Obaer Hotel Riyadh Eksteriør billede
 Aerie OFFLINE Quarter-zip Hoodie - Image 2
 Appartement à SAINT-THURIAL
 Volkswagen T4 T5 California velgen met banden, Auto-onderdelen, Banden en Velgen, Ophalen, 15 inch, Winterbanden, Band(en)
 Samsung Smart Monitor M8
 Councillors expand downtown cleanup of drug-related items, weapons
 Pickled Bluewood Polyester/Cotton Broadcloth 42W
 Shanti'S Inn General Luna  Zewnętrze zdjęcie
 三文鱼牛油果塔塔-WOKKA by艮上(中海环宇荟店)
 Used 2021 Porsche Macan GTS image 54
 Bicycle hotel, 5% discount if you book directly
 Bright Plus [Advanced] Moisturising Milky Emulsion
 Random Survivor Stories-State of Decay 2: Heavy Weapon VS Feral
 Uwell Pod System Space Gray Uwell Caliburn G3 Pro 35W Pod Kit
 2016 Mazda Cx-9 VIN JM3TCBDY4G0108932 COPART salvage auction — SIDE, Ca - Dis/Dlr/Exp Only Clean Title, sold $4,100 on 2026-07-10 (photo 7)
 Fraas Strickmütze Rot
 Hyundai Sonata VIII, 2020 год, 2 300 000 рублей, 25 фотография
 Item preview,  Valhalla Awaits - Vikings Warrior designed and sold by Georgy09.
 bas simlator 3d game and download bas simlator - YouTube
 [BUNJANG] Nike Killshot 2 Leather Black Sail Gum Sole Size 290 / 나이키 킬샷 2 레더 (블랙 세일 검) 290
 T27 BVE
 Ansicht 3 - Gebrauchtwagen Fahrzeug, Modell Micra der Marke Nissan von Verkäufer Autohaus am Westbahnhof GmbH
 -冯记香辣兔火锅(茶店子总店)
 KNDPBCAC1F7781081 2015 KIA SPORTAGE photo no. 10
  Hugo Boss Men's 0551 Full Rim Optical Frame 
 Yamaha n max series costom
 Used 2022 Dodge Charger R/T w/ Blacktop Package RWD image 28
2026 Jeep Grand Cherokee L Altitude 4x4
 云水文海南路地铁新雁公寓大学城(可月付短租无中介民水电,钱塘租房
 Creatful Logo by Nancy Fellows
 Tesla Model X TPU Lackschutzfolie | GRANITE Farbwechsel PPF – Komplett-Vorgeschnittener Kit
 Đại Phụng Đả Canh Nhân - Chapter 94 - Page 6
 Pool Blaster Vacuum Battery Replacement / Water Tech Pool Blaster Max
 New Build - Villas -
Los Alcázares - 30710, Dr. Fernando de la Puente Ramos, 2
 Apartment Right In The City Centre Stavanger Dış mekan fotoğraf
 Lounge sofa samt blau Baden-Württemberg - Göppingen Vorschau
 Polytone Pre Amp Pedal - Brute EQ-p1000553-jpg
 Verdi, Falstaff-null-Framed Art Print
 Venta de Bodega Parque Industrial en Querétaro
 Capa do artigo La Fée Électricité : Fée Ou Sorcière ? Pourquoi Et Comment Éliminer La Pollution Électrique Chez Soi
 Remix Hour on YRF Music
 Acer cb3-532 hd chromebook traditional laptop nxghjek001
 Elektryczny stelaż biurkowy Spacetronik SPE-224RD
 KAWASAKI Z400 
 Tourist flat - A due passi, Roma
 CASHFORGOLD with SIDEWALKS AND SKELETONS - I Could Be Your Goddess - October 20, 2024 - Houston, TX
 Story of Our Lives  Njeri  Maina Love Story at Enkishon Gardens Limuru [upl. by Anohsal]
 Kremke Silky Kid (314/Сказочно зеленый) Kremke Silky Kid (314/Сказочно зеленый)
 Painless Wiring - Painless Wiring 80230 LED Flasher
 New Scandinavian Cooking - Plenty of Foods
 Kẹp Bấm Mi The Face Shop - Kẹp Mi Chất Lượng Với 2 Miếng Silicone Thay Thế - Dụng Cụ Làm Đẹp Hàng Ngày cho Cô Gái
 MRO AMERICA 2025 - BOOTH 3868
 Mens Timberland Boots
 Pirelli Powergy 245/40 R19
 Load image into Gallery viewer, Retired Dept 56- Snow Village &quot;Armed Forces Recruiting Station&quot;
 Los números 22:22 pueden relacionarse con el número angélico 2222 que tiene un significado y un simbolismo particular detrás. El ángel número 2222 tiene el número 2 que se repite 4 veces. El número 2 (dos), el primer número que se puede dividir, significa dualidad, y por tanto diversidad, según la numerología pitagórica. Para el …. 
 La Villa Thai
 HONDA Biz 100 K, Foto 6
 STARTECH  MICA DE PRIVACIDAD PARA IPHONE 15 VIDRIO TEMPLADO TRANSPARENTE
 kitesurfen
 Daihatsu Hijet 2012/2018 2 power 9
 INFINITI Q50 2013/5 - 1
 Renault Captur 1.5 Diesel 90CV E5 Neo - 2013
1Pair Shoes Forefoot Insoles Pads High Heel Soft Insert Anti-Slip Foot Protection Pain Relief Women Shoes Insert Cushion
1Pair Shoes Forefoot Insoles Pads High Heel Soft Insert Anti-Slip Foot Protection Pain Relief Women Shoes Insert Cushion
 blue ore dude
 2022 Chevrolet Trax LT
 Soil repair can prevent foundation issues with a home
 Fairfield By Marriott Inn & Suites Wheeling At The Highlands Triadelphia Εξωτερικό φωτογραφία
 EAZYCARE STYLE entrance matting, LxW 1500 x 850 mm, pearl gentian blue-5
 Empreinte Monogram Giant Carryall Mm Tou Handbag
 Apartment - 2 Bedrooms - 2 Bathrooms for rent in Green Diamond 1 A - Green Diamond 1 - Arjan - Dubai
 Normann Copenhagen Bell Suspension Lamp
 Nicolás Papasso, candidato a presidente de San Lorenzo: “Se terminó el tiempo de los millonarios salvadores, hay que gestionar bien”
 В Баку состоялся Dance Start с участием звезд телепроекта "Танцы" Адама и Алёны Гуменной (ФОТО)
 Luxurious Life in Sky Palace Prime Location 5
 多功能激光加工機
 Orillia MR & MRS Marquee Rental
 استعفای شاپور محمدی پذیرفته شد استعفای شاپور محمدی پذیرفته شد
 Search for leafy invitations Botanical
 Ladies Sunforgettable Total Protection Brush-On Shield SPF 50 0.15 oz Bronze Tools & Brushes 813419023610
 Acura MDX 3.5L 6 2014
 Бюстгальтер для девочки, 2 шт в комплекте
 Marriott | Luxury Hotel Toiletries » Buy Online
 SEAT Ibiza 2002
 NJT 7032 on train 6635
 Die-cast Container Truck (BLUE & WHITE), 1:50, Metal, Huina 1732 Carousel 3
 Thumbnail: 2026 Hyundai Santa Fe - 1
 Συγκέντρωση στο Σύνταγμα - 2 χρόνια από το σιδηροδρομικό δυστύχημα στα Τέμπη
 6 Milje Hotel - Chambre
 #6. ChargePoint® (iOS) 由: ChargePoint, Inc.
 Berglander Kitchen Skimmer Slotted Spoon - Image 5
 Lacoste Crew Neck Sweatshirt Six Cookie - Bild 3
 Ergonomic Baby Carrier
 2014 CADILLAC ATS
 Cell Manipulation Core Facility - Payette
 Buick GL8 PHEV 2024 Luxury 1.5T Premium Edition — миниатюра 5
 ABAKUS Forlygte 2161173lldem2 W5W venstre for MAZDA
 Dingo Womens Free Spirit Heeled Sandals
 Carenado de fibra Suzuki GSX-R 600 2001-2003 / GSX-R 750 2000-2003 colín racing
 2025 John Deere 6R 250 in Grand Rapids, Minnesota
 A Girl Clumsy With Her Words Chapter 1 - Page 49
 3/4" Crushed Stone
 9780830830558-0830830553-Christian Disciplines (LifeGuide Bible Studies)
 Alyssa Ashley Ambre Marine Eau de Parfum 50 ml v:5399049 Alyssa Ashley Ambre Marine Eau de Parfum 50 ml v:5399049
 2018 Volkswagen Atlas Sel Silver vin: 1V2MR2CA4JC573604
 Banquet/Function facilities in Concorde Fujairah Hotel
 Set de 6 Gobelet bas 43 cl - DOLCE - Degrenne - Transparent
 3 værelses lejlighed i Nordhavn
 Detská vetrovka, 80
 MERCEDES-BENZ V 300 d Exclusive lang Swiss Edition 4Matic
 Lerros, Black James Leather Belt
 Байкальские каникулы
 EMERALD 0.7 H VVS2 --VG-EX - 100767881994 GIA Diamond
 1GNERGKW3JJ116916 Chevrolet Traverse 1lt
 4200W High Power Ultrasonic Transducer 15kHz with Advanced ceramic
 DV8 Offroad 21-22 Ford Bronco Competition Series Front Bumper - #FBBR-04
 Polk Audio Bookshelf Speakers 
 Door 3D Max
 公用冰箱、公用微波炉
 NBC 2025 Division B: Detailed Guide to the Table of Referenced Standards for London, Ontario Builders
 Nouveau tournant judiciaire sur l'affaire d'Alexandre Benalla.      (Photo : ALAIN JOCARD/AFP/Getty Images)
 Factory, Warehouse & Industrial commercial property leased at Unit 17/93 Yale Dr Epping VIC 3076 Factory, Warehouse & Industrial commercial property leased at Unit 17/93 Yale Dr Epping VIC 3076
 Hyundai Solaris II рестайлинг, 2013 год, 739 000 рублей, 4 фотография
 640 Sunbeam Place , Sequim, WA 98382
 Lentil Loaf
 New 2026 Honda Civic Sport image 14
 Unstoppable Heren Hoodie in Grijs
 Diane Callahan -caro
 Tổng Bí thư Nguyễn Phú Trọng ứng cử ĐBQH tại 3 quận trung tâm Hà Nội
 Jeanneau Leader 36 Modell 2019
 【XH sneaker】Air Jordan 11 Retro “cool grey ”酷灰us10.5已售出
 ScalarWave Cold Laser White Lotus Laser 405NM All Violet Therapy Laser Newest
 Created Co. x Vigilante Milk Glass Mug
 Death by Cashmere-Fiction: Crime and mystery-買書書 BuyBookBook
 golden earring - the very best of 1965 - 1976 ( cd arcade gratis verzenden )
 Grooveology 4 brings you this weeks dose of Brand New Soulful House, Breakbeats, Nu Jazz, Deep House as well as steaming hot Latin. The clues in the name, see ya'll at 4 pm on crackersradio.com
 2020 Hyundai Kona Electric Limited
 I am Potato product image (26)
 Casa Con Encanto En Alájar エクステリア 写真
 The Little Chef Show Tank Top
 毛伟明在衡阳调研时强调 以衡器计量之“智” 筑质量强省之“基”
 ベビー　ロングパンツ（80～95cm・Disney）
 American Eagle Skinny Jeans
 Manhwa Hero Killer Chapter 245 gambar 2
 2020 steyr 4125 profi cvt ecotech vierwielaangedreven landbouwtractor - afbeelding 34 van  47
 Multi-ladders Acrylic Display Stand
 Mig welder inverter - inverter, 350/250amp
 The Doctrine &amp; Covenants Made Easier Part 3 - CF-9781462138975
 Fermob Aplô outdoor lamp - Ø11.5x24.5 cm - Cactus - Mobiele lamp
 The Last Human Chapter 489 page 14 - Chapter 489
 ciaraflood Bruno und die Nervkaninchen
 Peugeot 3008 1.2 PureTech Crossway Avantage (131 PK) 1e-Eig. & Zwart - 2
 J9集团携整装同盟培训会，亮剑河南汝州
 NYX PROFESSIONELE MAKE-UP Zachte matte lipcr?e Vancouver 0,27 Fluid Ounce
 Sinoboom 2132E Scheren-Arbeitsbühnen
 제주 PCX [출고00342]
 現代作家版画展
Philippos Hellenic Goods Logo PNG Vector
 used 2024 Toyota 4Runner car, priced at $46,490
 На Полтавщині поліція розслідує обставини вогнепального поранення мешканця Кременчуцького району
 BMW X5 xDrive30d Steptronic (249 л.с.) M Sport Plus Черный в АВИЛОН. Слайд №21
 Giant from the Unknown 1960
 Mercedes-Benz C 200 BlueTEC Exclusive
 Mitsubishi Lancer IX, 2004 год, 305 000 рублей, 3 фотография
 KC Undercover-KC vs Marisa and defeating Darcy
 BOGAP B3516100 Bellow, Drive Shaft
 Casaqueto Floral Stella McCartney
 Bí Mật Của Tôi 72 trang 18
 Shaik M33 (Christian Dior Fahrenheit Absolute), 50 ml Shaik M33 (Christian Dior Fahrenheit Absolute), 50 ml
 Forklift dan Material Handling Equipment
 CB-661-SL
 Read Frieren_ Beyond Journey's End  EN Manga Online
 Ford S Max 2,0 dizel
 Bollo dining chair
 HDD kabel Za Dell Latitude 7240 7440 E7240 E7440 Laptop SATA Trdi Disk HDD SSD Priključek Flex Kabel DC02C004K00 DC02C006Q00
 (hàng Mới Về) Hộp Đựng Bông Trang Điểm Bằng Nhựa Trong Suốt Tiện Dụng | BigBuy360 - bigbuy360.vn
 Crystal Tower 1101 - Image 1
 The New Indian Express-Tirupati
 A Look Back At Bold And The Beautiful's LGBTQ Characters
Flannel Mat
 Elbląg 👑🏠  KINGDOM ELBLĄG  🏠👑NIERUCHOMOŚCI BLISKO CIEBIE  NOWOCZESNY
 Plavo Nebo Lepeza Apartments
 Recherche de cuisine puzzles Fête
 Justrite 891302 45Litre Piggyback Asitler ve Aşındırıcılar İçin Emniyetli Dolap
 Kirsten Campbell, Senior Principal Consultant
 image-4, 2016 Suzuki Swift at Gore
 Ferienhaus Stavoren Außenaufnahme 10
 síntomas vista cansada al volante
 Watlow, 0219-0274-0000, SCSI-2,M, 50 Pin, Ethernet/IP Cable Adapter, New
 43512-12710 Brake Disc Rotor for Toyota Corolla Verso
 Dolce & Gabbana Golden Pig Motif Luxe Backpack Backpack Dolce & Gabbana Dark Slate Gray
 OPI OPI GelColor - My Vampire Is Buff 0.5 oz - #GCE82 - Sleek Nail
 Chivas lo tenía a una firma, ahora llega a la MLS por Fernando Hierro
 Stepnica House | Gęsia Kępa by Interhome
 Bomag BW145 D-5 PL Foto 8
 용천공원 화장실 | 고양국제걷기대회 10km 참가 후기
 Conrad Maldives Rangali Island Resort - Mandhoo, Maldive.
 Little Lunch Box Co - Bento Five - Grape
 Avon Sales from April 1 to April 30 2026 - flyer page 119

______________________________

Brief »
Only one stretch of the records above is wanted: the lines between the one holding "Ansicht 3 - Gebrauchtwagen" and the one holding "New Scandinavian Cooking - Plenty of Foods", inclusive, reproduced exactly.

Solved exercise »
 Ansicht 3 - Gebrauchtwagen Fahrzeug, Modell Micra der Marke Nissan von Verkäufer Autohaus am Westbahnhof GmbH
 -冯记香辣兔火锅(茶店子总店)
 KNDPBCAC1F7781081 2015 KIA SPORTAGE photo no. 10
  Hugo Boss Men's 0551 Full Rim Optical Frame 
 Yamaha n max series costom
 Used 2022 Dodge Charger R/T w/ Blacktop Package RWD image 28
2026 Jeep Grand Cherokee L Altitude 4x4
 云水文海南路地铁新雁公寓大学城(可月付短租无中介民水电,钱塘租房
 Creatful Logo by Nancy Fellows
 Tesla Model X TPU Lackschutzfolie | GRANITE Farbwechsel PPF – Komplett-Vorgeschnittener Kit
 Đại Phụng Đả Canh Nhân - Chapter 94 - Page 6
 Pool Blaster Vacuum Battery Replacement / Water Tech Pool Blaster Max
 New Build - Villas -
Los Alcázares - 30710, Dr. Fernando de la Puente Ramos, 2
 Apartment Right In The City Centre Stavanger Dış mekan fotoğraf
 Lounge sofa samt blau Baden-Württemberg - Göppingen Vorschau
 Polytone Pre Amp Pedal - Brute EQ-p1000553-jpg
 Verdi, Falstaff-null-Framed Art Print
 Venta de Bodega Parque Industrial en Querétaro
 Capa do artigo La Fée Électricité : Fée Ou Sorcière ? Pourquoi Et Comment Éliminer La Pollution Électrique Chez Soi
 Remix Hour on YRF Music
 Acer cb3-532 hd chromebook traditional laptop nxghjek001
 Elektryczny stelaż biurkowy Spacetronik SPE-224RD
 KAWASAKI Z400 
 Tourist flat - A due passi, Roma
 CASHFORGOLD with SIDEWALKS AND SKELETONS - I Could Be Your Goddess - October 20, 2024 - Houston, TX
 Story of Our Lives  Njeri  Maina Love Story at Enkishon Gardens Limuru [upl. by Anohsal]
 Kremke Silky Kid (314/Сказочно зеленый) Kremke Silky Kid (314/Сказочно зеленый)
 Painless Wiring - Painless Wiring 80230 LED Flasher
 New Scandinavian Cooking - Plenty of Foods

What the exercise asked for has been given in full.